━━ Dataset extract ━━

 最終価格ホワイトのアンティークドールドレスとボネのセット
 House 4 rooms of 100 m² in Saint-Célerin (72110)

━━━
━━ Dataset extract ━━

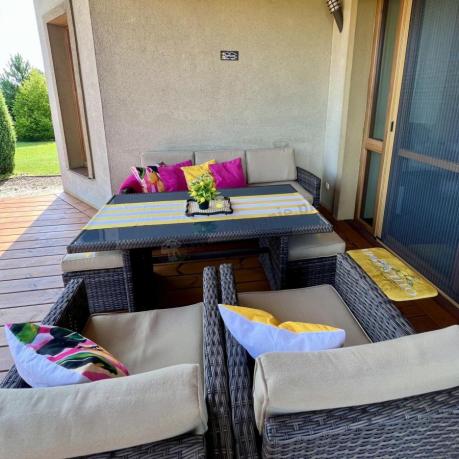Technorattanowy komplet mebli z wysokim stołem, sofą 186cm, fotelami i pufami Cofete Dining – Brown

━━━
━━ Dataset extract ━━

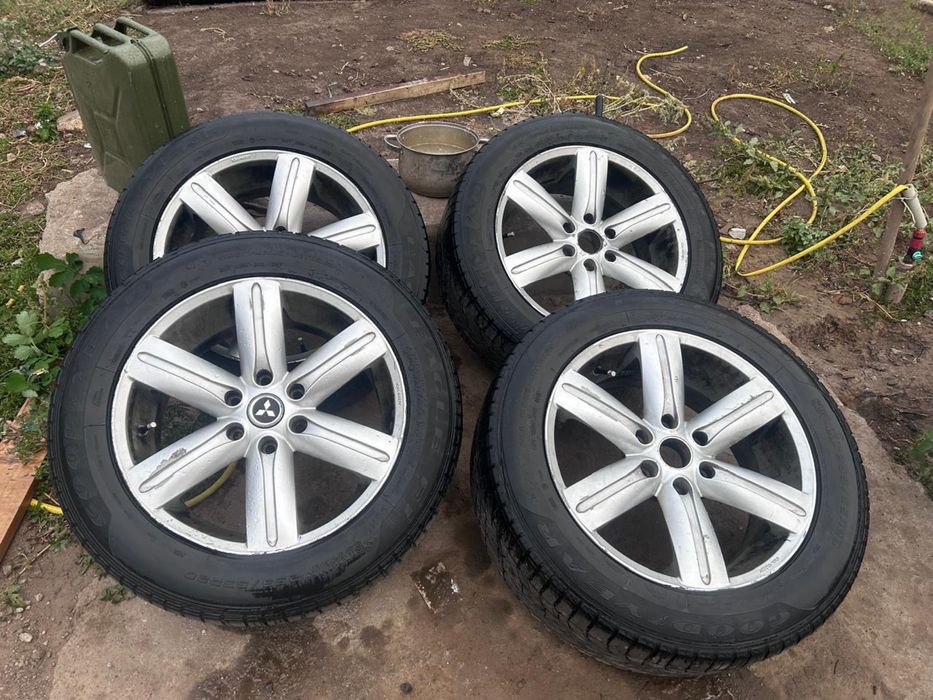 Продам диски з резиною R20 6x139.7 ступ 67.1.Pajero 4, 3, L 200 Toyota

━━━

An exact copy of the lines above between the line holding "最終価格ホワイトのアンティークドールドレスとボネのセット" and the line holding "House 4 rooms", inclusive, is the whole answer.

Task response:
 最終価格ホワイトのアンティークドールドレスとボネのセット
 House 4 rooms of 100 m² in Saint-Célerin (72110)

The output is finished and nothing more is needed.